Polaroid, based in Cambridge, Mass., is banking on two new products to put it on the road to recovery: a compact instant camera and a sophisticated laser imager for medical diagnostics.
Over the past five years the company has plowed more than $100 million into developing these products and new markets, executives say. Over the long term, the company plans to diversify from its core photographic business.
With Polaroid stock selling at less than two-thirds its 1988 high and revenues inching upward, the company hopes to start seeing a return on its research and development costs by mid-summer. Cutting 455 workers this year should help financial results.
At present, 95 percent of Polaroid's business is photography, says Sam Yanes, director of corporate communications. In the next decade that will change to "not much more than 50 percent."
Polaroid sees its future strength in digital imaging, a process of electronically producing, transferring, and manipulating images. Digital imaging is used in fields as diverse as desktop publishing, medical diagnostics, and graphic arts.
Mr. Yanes predicts that while the photography business will probably not exceed 3 percent annual growth, imaging has the potential of 9 or 10 percent. Polaroid's strategy is to use the profits from its photographic base to invest in these faster-developing areas, Yanes says. Expanding product line
Until the company gets a firm foothold in the digital imaging market, where competition from computer and electronics companies is fierce, its hopes are pinned on the two new products.
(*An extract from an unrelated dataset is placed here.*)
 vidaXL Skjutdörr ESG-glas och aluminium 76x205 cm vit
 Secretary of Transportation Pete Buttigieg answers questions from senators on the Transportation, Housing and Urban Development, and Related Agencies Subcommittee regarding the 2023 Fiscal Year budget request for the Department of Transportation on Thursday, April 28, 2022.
Visions - a compact instant camera, with a picture-storage slot in the back - is targeted at active, affluent consumers who have not used instant photography before.
Launched in Europe last September, demand for Visions has already outstripped supply, he says. In mid-March it was introduced in Japan. Despite being the company's largest market after Germany and the US, Japanese consumers have not always embraced Polaroid cameras. "Part of that was cultural, but part was that we didn't have a product that appealed to them," Yanes says. But Polaroid is sufficiently confident this time that it has rolled out a nationwide advertising campaign - the first in five years. Th e camera is being introduced domestically this summer.